What is being asked
Please repeat only the lines below starting at the line that holds "Svetlana Alexievitch" and ending at the line that holds "stihl ms 880 magnum chainsaw tommy tools", exactly, with both of those lines included and every picture omitted.

Supplied data
■ ■ ■
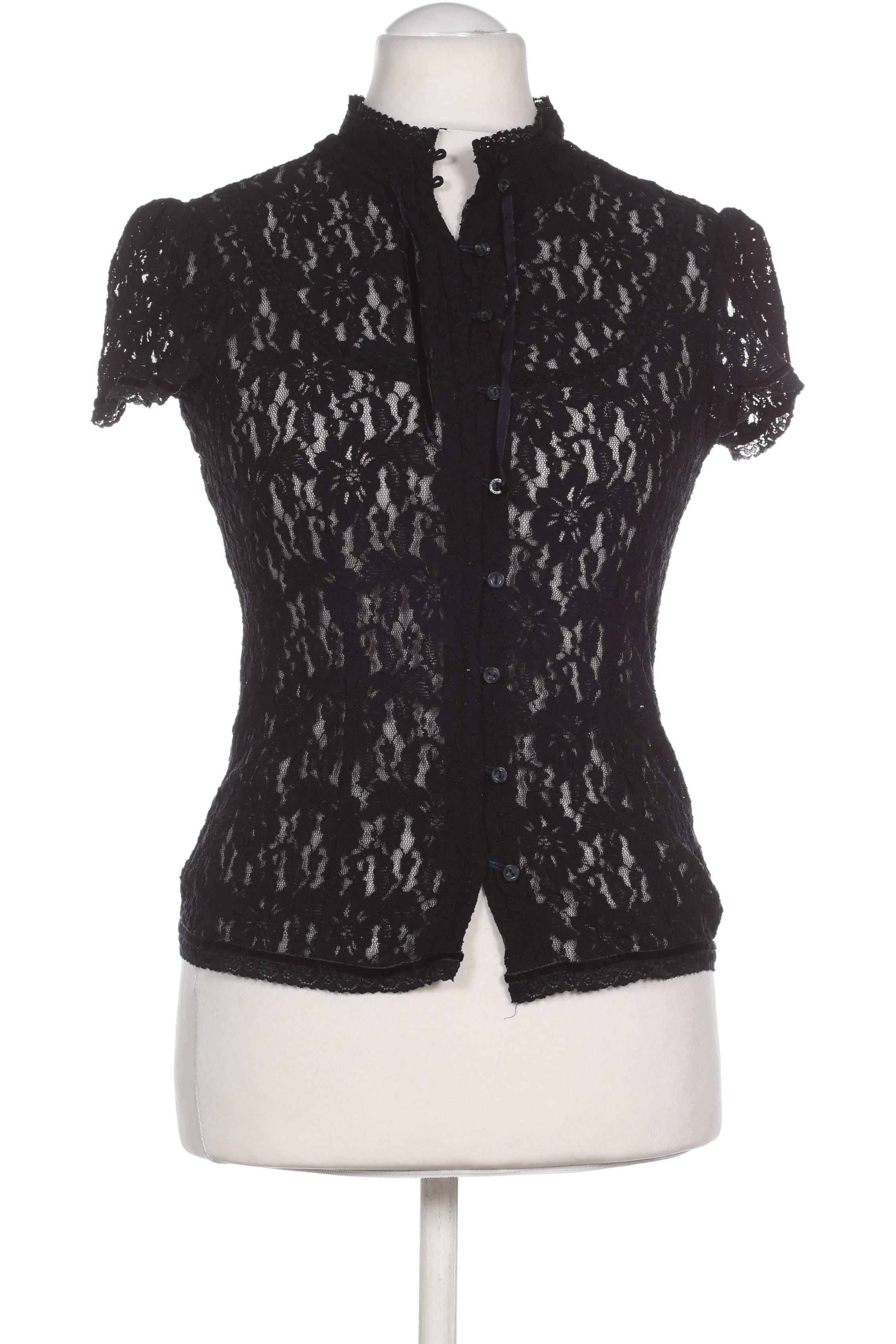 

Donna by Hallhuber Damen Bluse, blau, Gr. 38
■ ■ ■
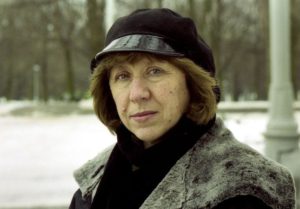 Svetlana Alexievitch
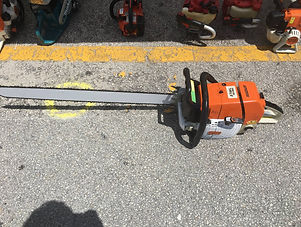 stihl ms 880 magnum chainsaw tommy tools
■ ■ ■
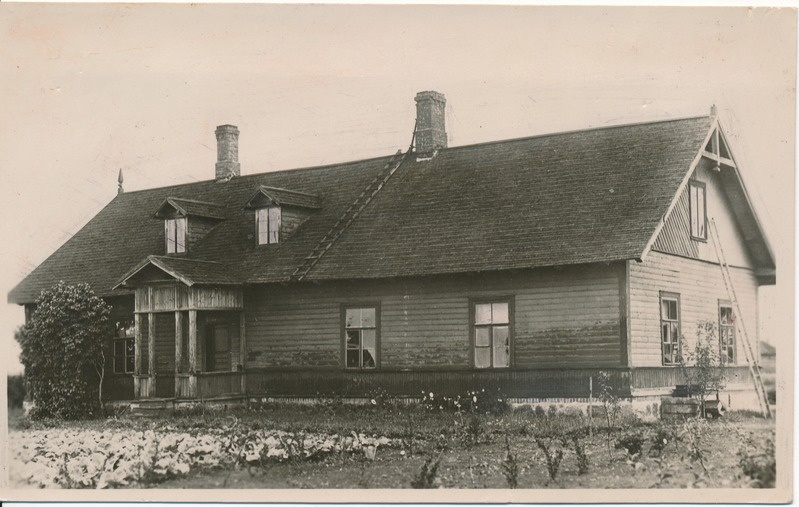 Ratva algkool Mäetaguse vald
■ ■ ■
Expected output
 Svetlana Alexievitch
 stihl ms 880 magnum chainsaw tommy tools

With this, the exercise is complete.